New Technology High School senior Riley Miner admits she gets nervous when performing in front of people.
“Whenever I’m about to perform in front of an audience, I feel my heart pumping really hard,” the Poetry Out Loud contest winner said, adding that it takes her about three minutes of deep breathing to calm down.
“A trick that really helps me feel less focused on the audience staring at me is I concentrate on the tip of my nose,” Miner said. “It distracts me and I can deliver my poem as though I’m alone — just me and my nose.”
Miner won the competition, and a $500 college scholarship, after reciting “Magnitude” by Howard Nemerov and “The Albatross” by Kate Bass.
In all, seven students from four Napa County high schools participated in last week’s event, which was held at the Napa Valley Playhouse in front of an audience and a panel of judges that included Napa County Poet Laureate Leonore Wilson.
The students had to recite two poems each for a chance to win scholarship money and advance to the state finals.
Miner, who also performs in theater, said she used her time in dance classes to practice her recitation so she could ingrain the poems in more than one way. It took her about a month to memorize both poems, she said.

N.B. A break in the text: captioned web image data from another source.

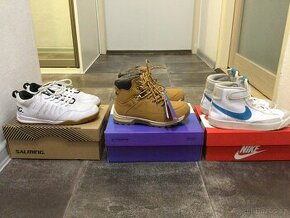 klučičí boty vel 34, 35, 36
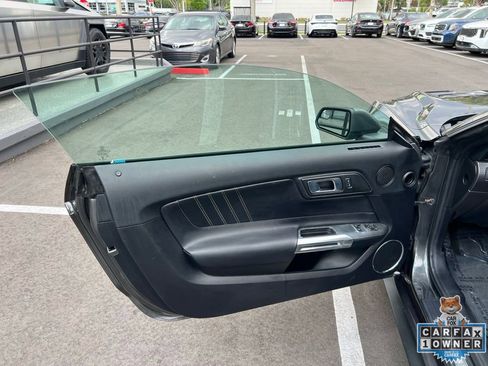Used 2018 Ford Mustang Premium w/ Ecoboost Performance Package image 23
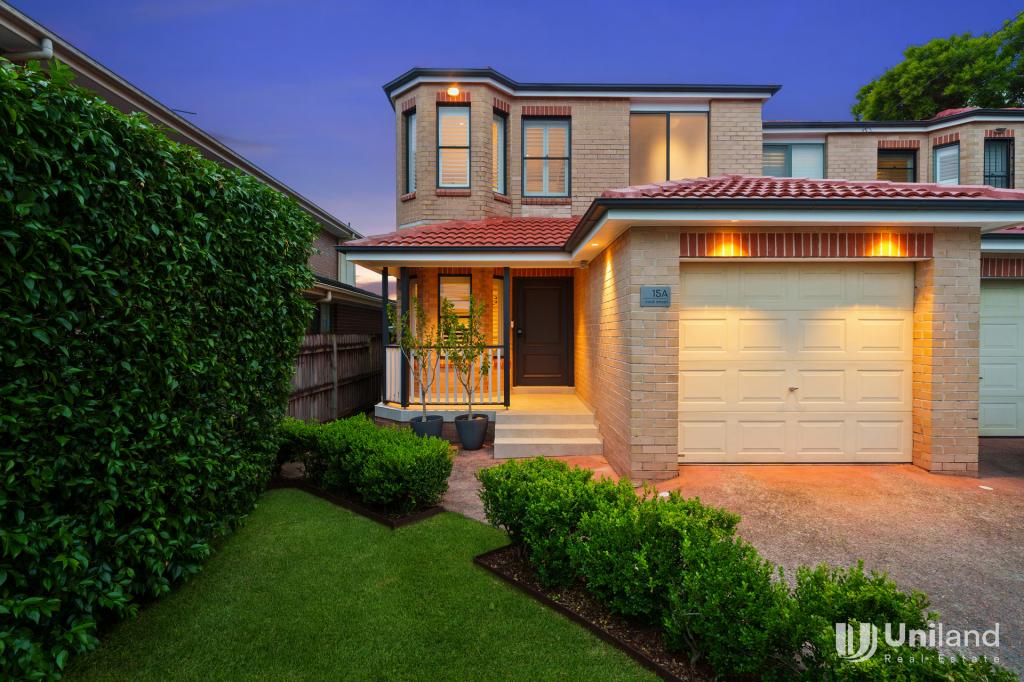 15a Cook St, North Ryde, NSW 2113
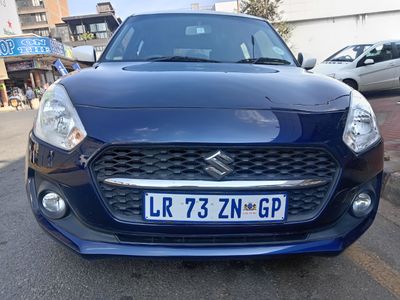 2024 Suzuki Swift 1.2 GL Auto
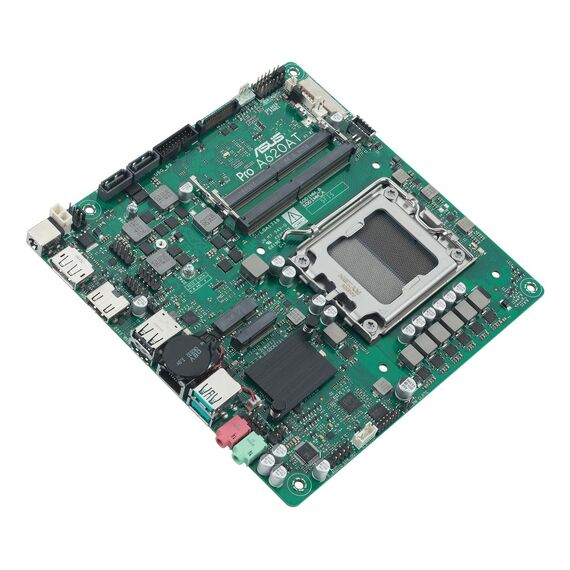 mini ITX / Socket AM5 / AMD A620A Chipset / USB | 90MB1L5M-M0EAYC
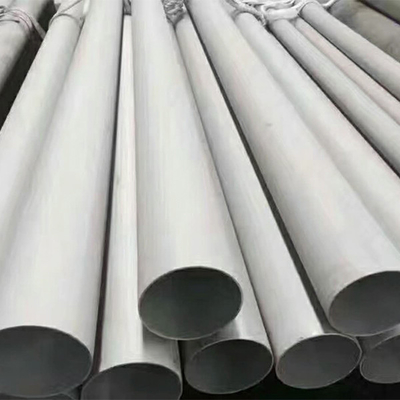 Harga yang bagus 0.3mm Baja tahan karat 304 pipa tanpa jahitan standar EN on line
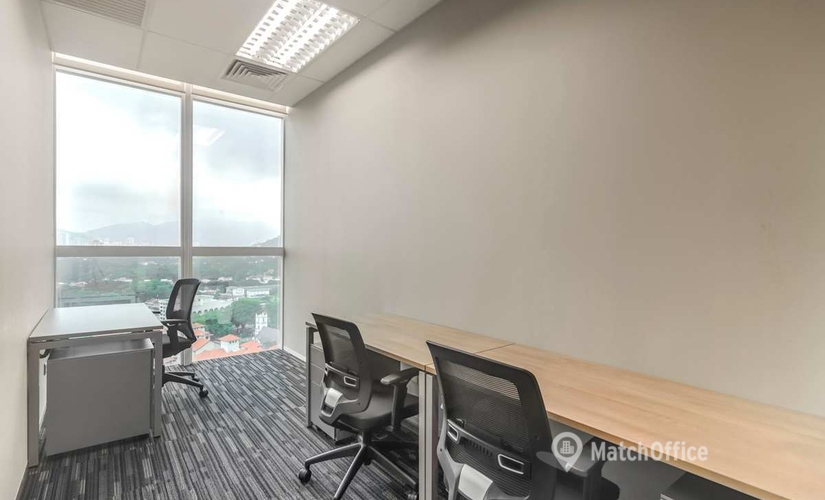 Virtual office space in George Town, Jalan Kelawei (10250) - 1 | MatchOffice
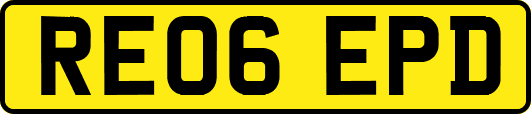 RE06EPD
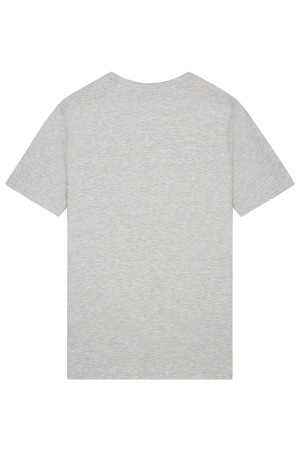 Malelions Malelions shirts en tops Print T-shirts 992 grey melange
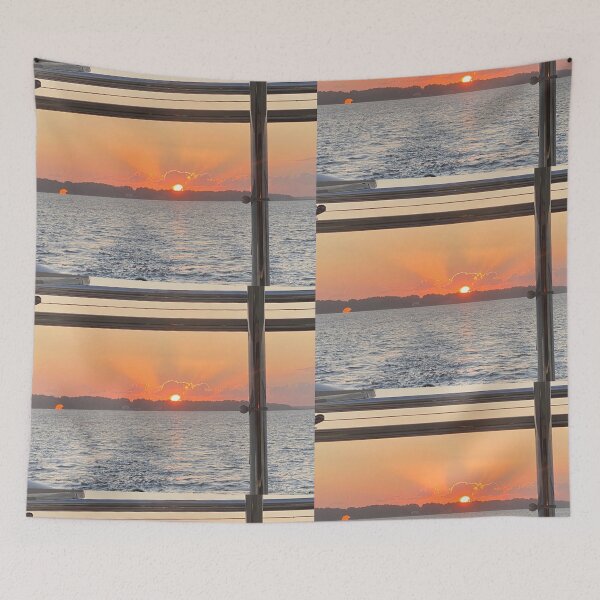 Item preview, Atlantic Sunset off of South Carolina designed and sold by TheBruce77.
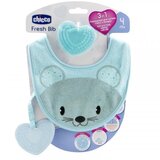 CHICCO CFL Siperak set 3u1 FRESH BIB, za dječake Cijene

New Technology senior Pookie McGlothern placed second in the Poetry Out Loud competition and was awarded a $300 college scholarship.
McGlothern said performing in front of a panel of judges was a nerve-racking experience, but there were at least two friendly faces in the audience.
“My mom came to watch me, and my boyfriend got me roses,” McGlothern said.
The two New Tech students were joined in the competition by students from St. Helena High School, American Canyon High School and Napa High School.
The Poetry Out Loud competition is part of a national program that encourages high school students to learn about poetry through memorization, performance and competition.
Beginning at the classroom level, winners advance to a countywide competition, then to a statewide competition, and ultimately to the national finals in Washington, D.C.
Approximately 365,000 students from more than 2,000 high schools nationwide participate in the program each year, according to the Arts Council of Napa Valley.
The Napa County students recited works they selected from a collection of more than 650 classic and contemporary poems. The judges evaluated student performance based on voice and articulation, evidence of understanding, level of difficulty, and accuracy, according to the Arts Council.
Miner will advance to the state finals in Sacramento scheduled for March 25. The winner of the California competition will advance to the Poetry Out Loud National Finals on April 29-30 in Washington, D.C., where $50,000 in awards and school stipends will be distributed.